[Recorded data]
■ ■ ■ ■ ■ ■ ■

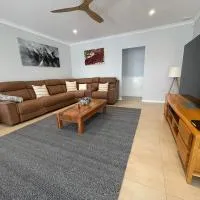 Dawesville Family Beach Getaway, готель у місті Dawesville
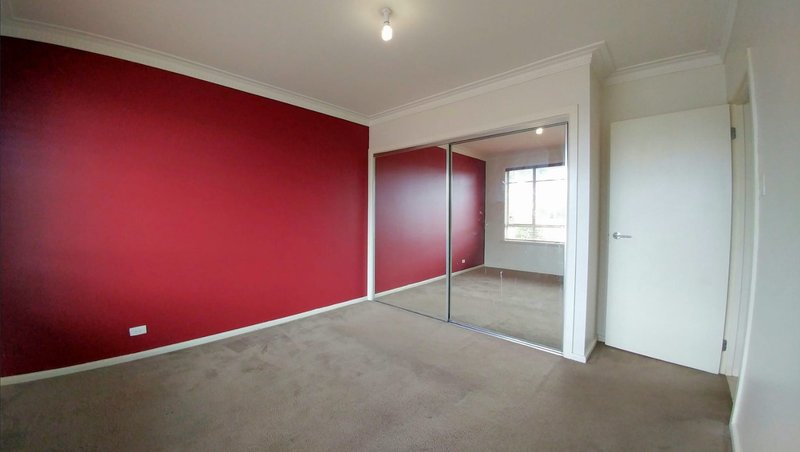 Photo - 42 Kingsway Drive, Lalor VIC 3075 - Image 5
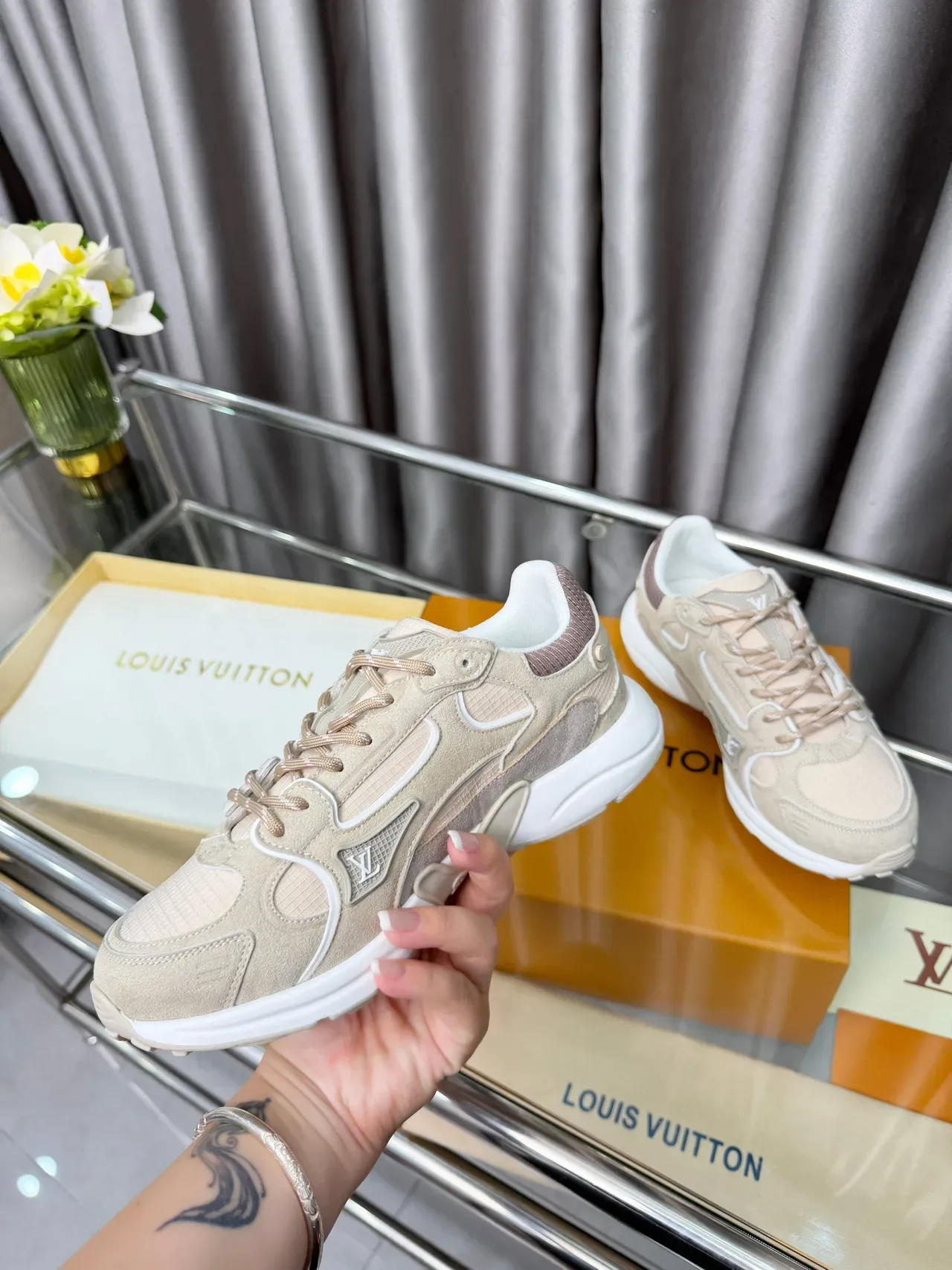 Louis Vuitton LV Trainer Chaussures Chunky Beige Blanc Tige en Daim et Maille Supérieure Semelle Sculptée 2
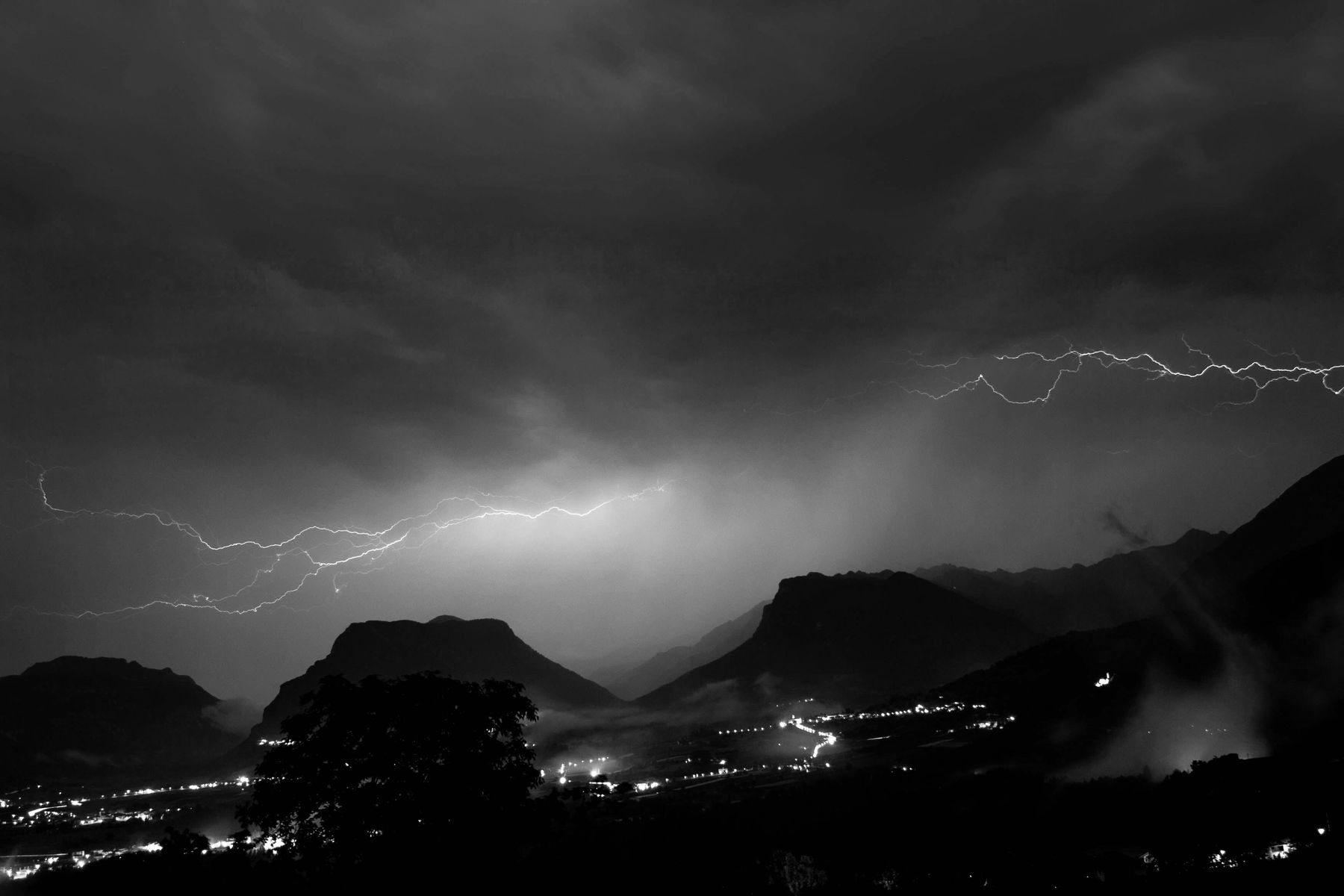 tuoni , fulmini e saette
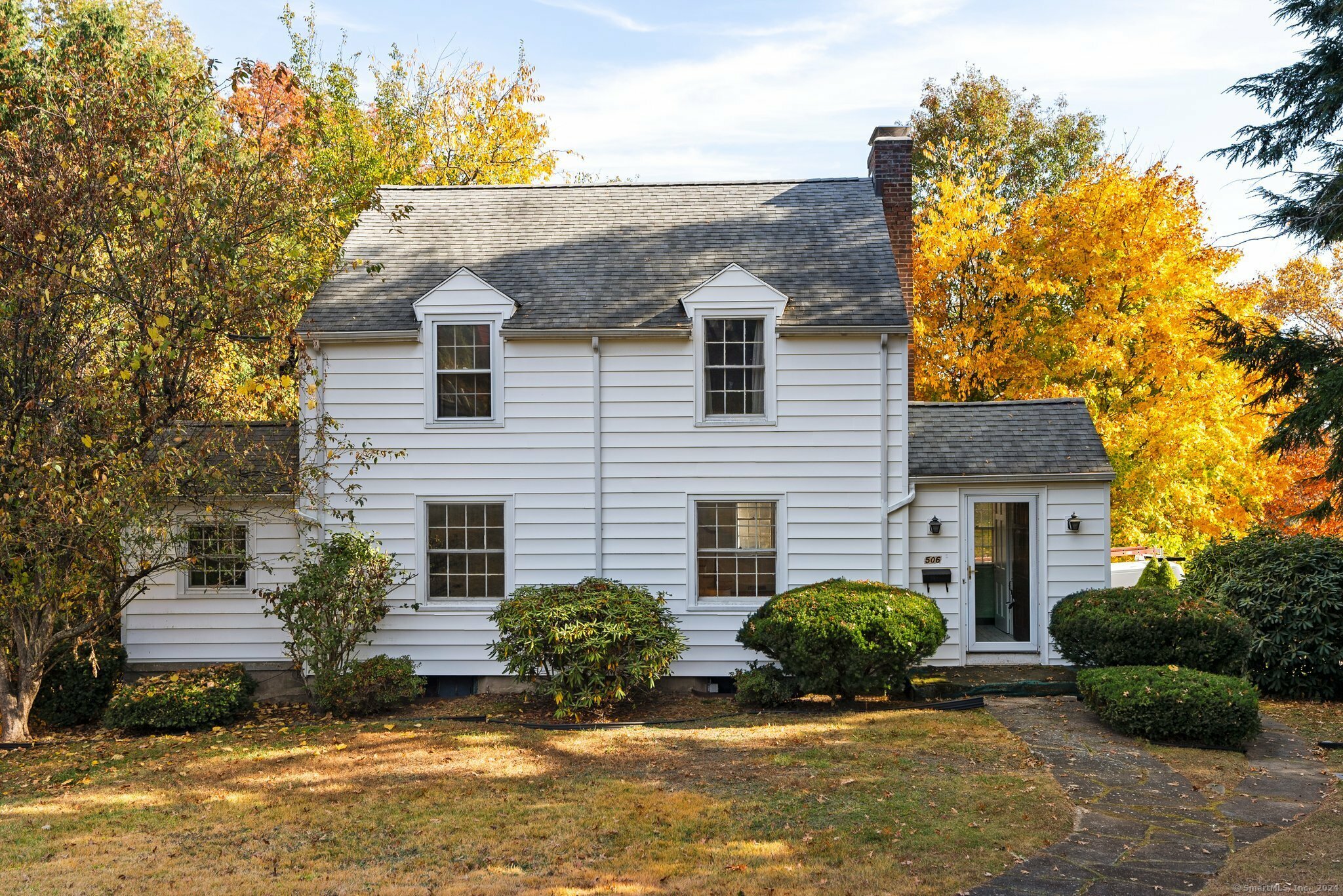 Property Photo: 506 Ridge Road CT 06109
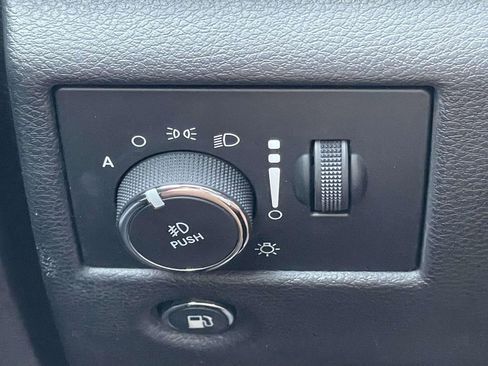 Used 2020 Jeep Grand Cherokee Limited w/ Luxury Group II image 36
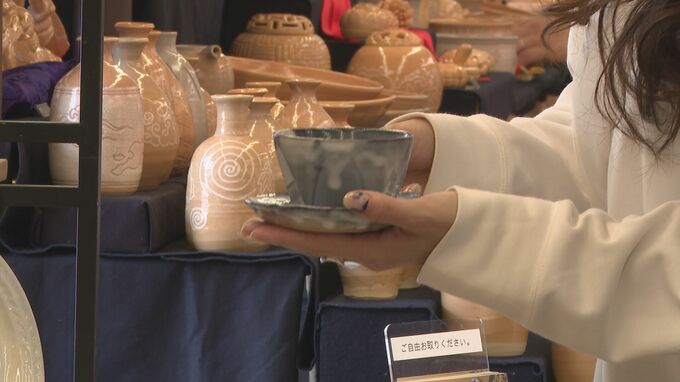 お気に入りの一品を買い求め　萩焼まつりにぎわう　山口県萩市|TBS NEWS DIG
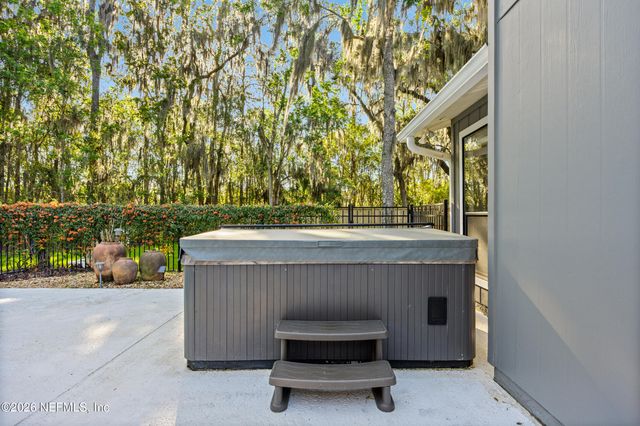 3101 OLD PORT Circle E, Jacksonville, FL 32216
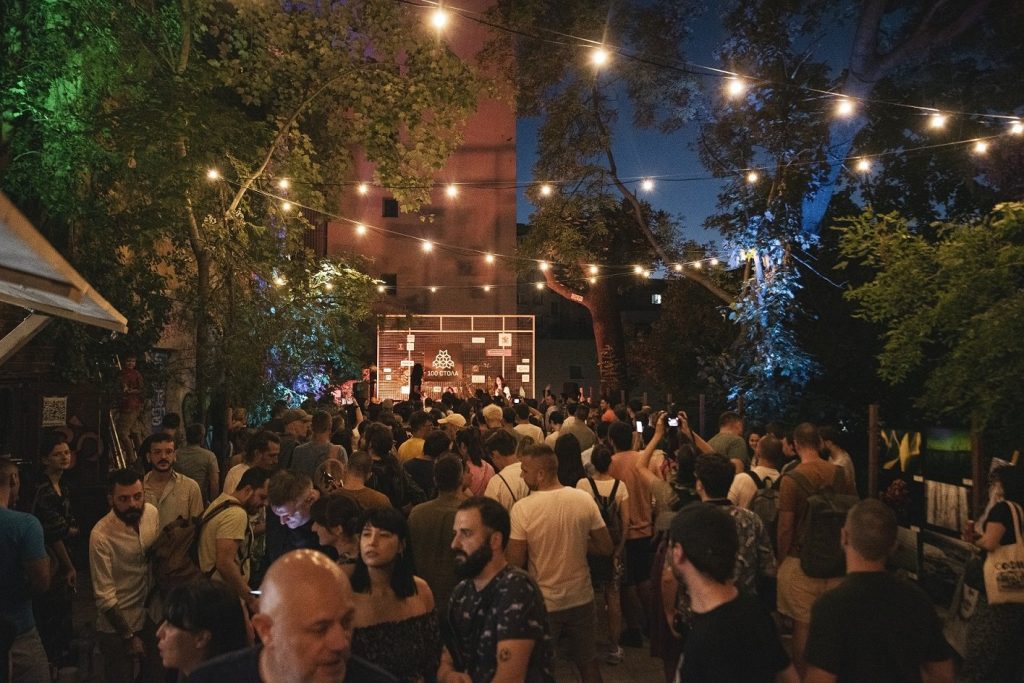 Bulgaristan etkinlik sayfalarımızdan Sinema, tiyatro, konser, festivaller, stand-up, müzikal, spor, çocuk etkinliklerini etkinlik takip edebilirsiniz.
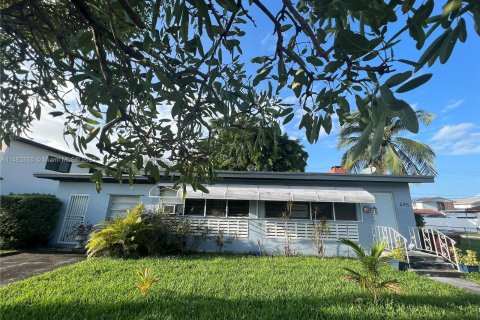 Villa ou maison à vendre à Hialeah, Floride: 3 chambres, 193.7 m2 № 747801 - photo 13
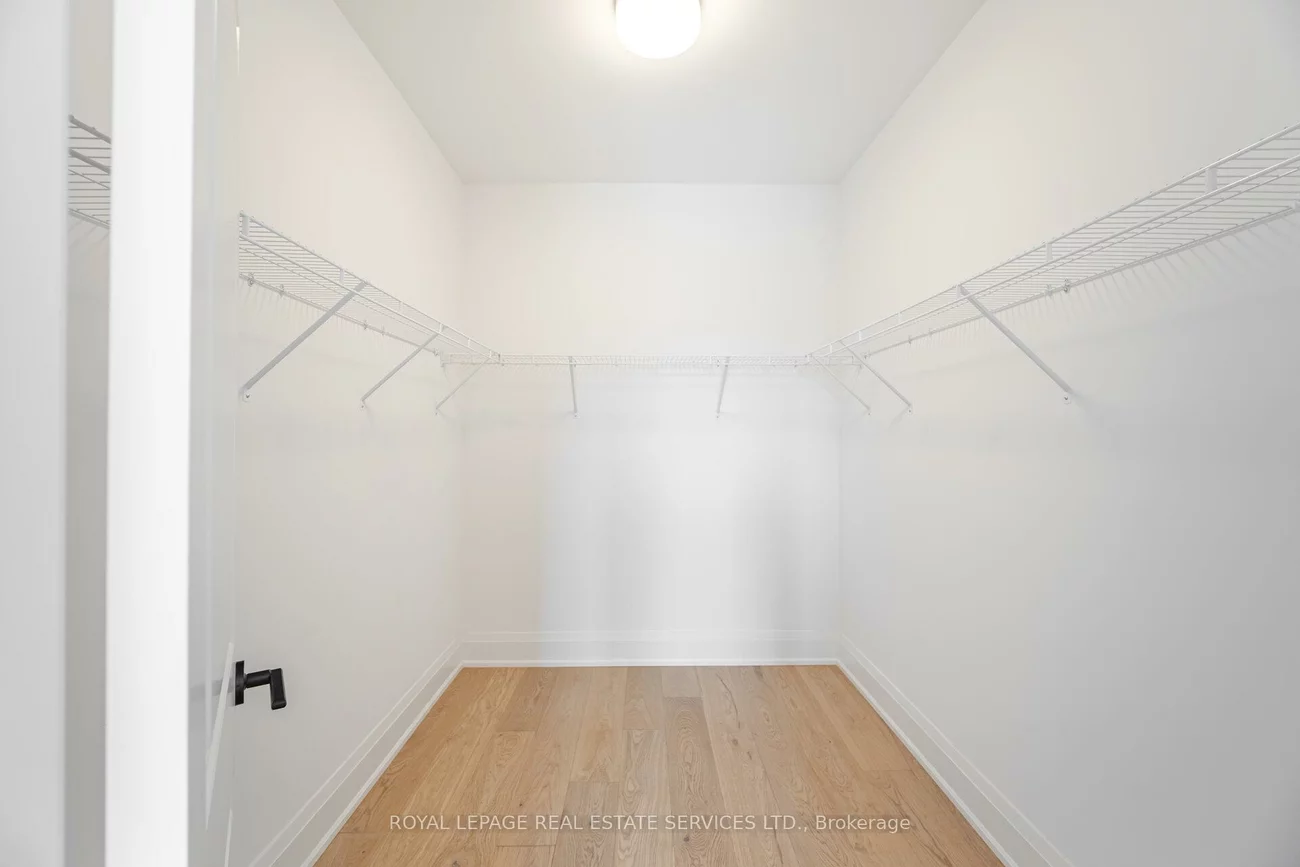 15, Lunar, Streetsville, Mississauga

■ ■ ■ ■ ■ ■ ■

→ Aim of the exercise:
Each line above is to be transcribed exactly, though its pictures are not.

→ Finished task:
 Dawesville Family Beach Getaway, готель у місті Dawesville
 Photo - 42 Kingsway Drive, Lalor VIC 3075 - Image 5
 Louis Vuitton LV Trainer Chaussures Chunky Beige Blanc Tige en Daim et Maille Supérieure Semelle Sculptée 2
 tuoni , fulmini e saette
 Property Photo: 506 Ridge Road CT 06109
 Used 2020 Jeep Grand Cherokee Limited w/ Luxury Group II image 36
 お気に入りの一品を買い求め　萩焼まつりにぎわう　山口県萩市|TBS NEWS DIG
 3101 OLD PORT Circle E, Jacksonville, FL 32216
 Bulgaristan etkinlik sayfalarımızdan Sinema, tiyatro, konser, festivaller, stand-up, müzikal, spor, çocuk etkinliklerini etkinlik takip edebilirsiniz.
 Villa ou maison à vendre à Hialeah, Floride: 3 chambres, 193.7 m2 № 747801 - photo 13
 15, Lunar, Streetsville, Mississauga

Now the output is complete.